Eric Cantor: "No regrets" after stunning re-election defeat
House Majority Leader Eric Cantor, R-Va., said Sunday he has "no regrets" after a stunning re-election upset this week at the hands of a primary challenger.
The autopsy of Cantor's defeat continued, though, with a number of prominent Republicans saying the Republican leader lost his seat because of his stance on immigration - or his lack thereof.
"I don't have any regrets because I remain focused on the mission that I'm about," Cantor told CNN, vowing to continue pushing conservative policies wherever he lands next.
He also said he'd vote in the general election for David Brat, the tea party-backed college professor who ousted him Tuesday. "I want a Republican to hold this seat, of course," he said.
In a separate interview on ABC, Cantor declined to join the post-mortem speculation about why he lost, saying there wasn't "one particular reason why the outcome was what it was."
Cantor's fellow Republicans, though, didn't have too much trouble identifying the culprit: immigration reform.
Brat made his opposition to immigration reform and "amnesty" a cornerstone of his campaign, and some Republicans said Cantor lost his job because he was too supportive of immigration reform efforts pushed by Democrats.
"Earthshaking primary results in Virginia tonight," tweeted Rep. Steve King, R-Iowa Tuesday after Cantor's loss. "Resounding rejection of #Amnesty and support for Rule of Law."
King, one of the House's loudest opponents of immigration reform, later tweeted, "Wanted: Applicants for Majority Leader in US House who have a record opposing amnesty."
Others, though, said Cantor's mistake was being too vague and too timid on the issue, not too aggressive.
Providing a sharp contrast to Cantor's fate, Sen. Lindsey Graham, R-S.C., won his own contested primary this week after openly supporting a comprehensive immigration reform bill that included a pathway to citizenship. He said Cantor lost by muddling the issue, instead of taking a clear position.

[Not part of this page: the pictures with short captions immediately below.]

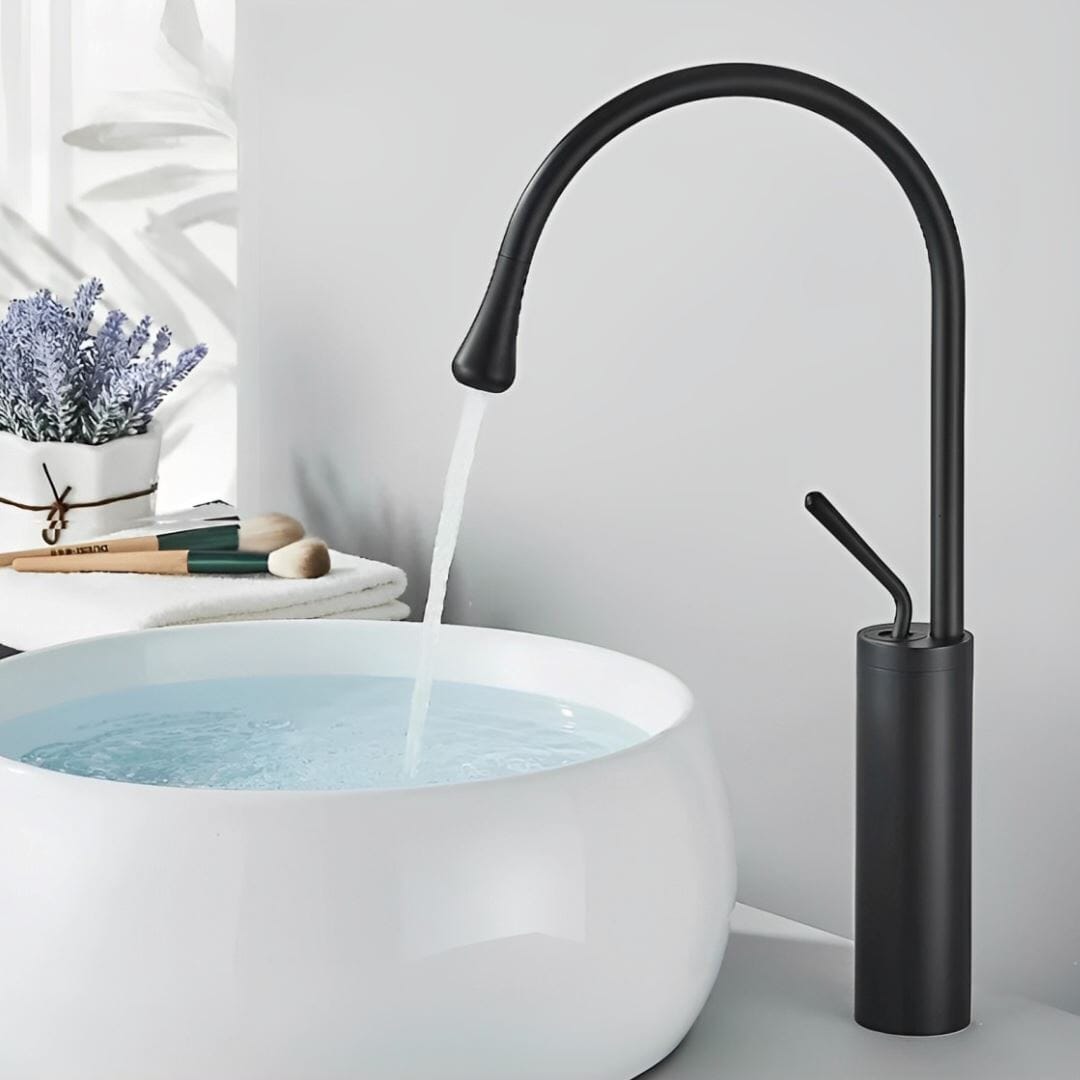 Torneira Luxuosa Slim Soft Room para Lavabo 44cm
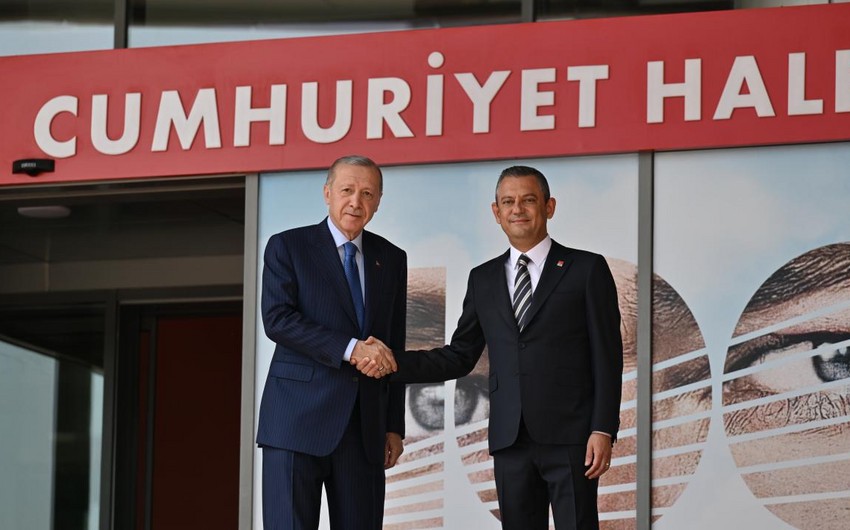 Ərdoğan 18 ildən sonra CHP-nin baş qərargahını ziyarət edib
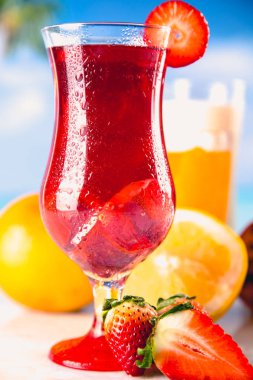 Mavi okyanus arka plan ile sahilde egzotik içecekler ayarla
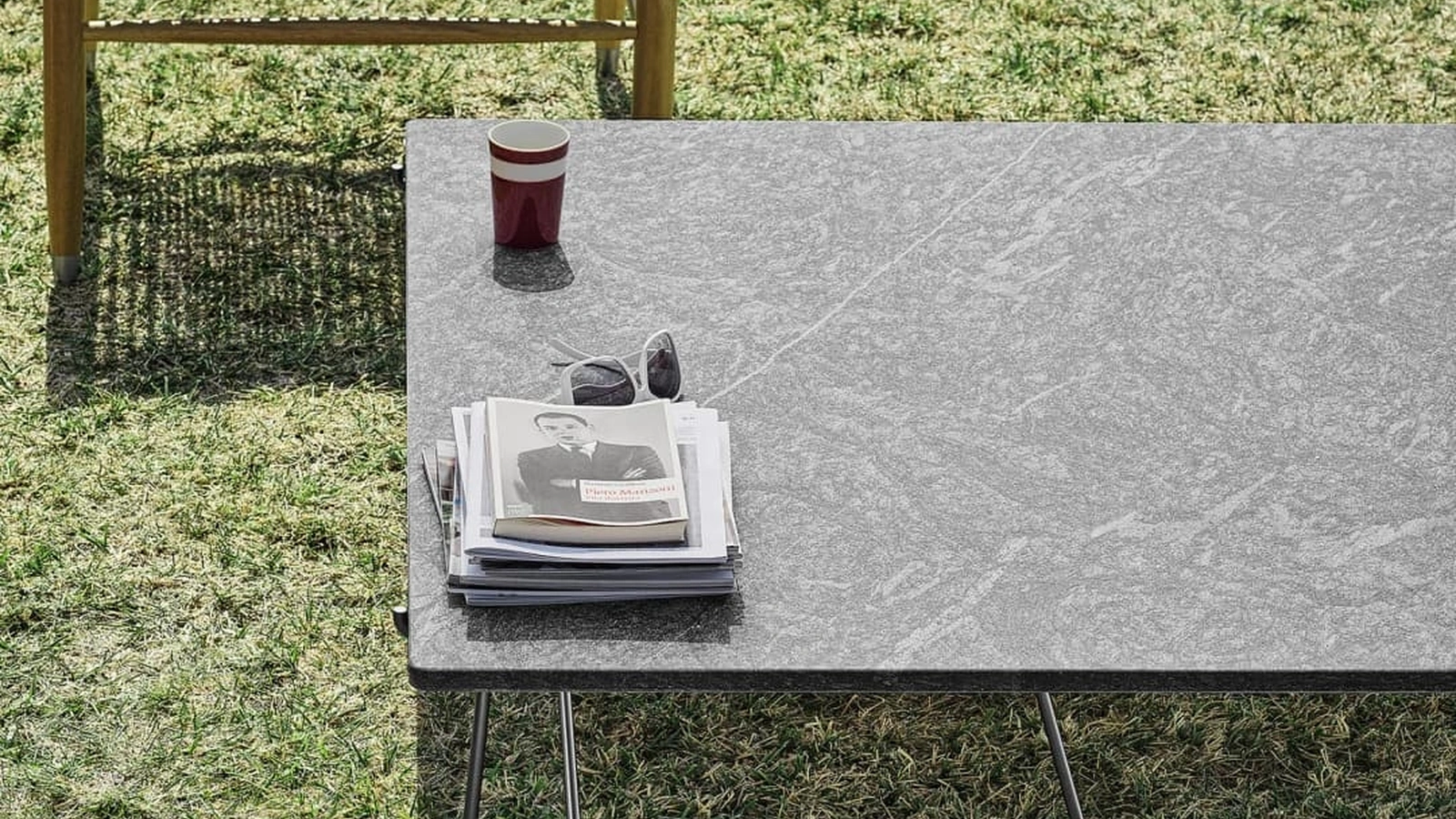 Tavolino in pietra Any Day Outdoor di Flexform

"I don't think Eric got beat because of his stand on immigration," he said. "I think he got beat because of his lack of defining himself on immigration."
Graham advised his fellow Republicans to unabashedly back comprehensive reform, including an earned path to citizenship for undocumented workers, before they become politically obsolete.
CBS News congressional correspondent Nancy Cordes said on "Face the Nation" that Cantor's repeated shifts on immigration policy left voters confused.
"The bigger challenge for Eric Cantor was not the fact that he was for immigration reform or against it but that people didn't really know where he stood. First he came out very forcefully against immigration. Then he said he was for it for the kids, and then he backed away from that when it looked like that was unpopular," she said. "So I think the challenge for people in his district on not just that issue but a number of issues was that they weren't really quite sure where he stood."
Cantor "was never on either side on immigration," agreed PBS' Gwen Ifill. "He tried to have it both ways."
Cantor himself didn't buy into the argument that he lost his job because he waffled on immigration.
"My position never wavered," he said on ABC. "I have always taken the position that I'm not for a comprehensive amnesty bill. I have always said that we ought to deal with the kids who did not break any laws and themselves came into this country, in many cases, unbeknownst to them."
"Did that infuriate folks on both sides?" he asked. "Sure. But it is the principled position."
And some other Republicans wondered whether the thorny politics of immigration reform really sealed Cantor's fate or whether something else was at play.
"I think it played a role, but again, there are a lot of other issues in this race as well," said Rep. Greg Walden, R-Ore., the chairman of the National Republican Congressional Committee, on "Fox News Sunday."
Republican National Committee Chair Reince Priebus argued on "Face the Nation" that Cantor's national profile was a bigger handicap than his position on immigration.
"When you're trying to be a majority leader - and Eric did a great job of it - but it takes you out all over this country, it takes you out of your district," Priebus said. "And pretty soon, that good work that you're doing nationally becomes a liability locally."